At the conclusion of the long road to drafting sweeping reforms to the UK gambling industry, new information says the final version may end up being "watered-down".
The Sunday Times recently released a report claiming that lawmakers from the Department for Culture, Media and Sport may end up caving to lobbying from UK betting companies and release a more lenient version of the white paper said to reform and modernise the UK Gambling Act of 2005, which has been in the works for over two years following several months of delays.
At present, speculation about the measures and changes to be introduced by the white paper continues to abound. Some of the popular theories include the introduction of a mandatory levy on all gambling firms, betting limits on online slots, and completely cutting off the participation of the gambling industry in sports team advertising.
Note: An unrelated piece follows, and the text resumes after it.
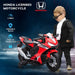 Child in sunglasses stands next to red Honda licensed kids electric ride-on motorbike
But if The Sunday Times' claims turn out to be true, the mandatory levy measure could be axed from the final version.
According to GambleAware, the UK's largest independent gambling advocacy group, the current system of voluntary contributions to problem gambling initiatives is not fair as some gambling firms pay vastly more than others. The group believes that a mandatory levy could add an extra £140 million in funds that go directly to combating problem gambling in the UK.
Around the same time, The Guardian, has released multiple reports exposing government officials and politicians who have accepted gifts from betting and gaming firms.
Michael Dugher, CEO of the Betting and Gaming Council, denies the claim that lobbyists and government officials are cozying up together. Dugher reminded those advocating for particular gaming reforms that the gambling business contributes £4.5 billion in taxes and employs at least 119,000 people.
However, public opinion may favour more lax gaming regulations. According to a survey, some 65 percent of all UK adults feel that limiting player's betting amounts will end up encouraging gamblers to turn to the illicit gambling market.
The UK Gambling Commission, meanwhile, has reaffirmed Andrew Rhodes as the regulator's permanent chief executive, as the watchdog fights for greater industry standards and has vowed a zero-tolerance attitude for violators.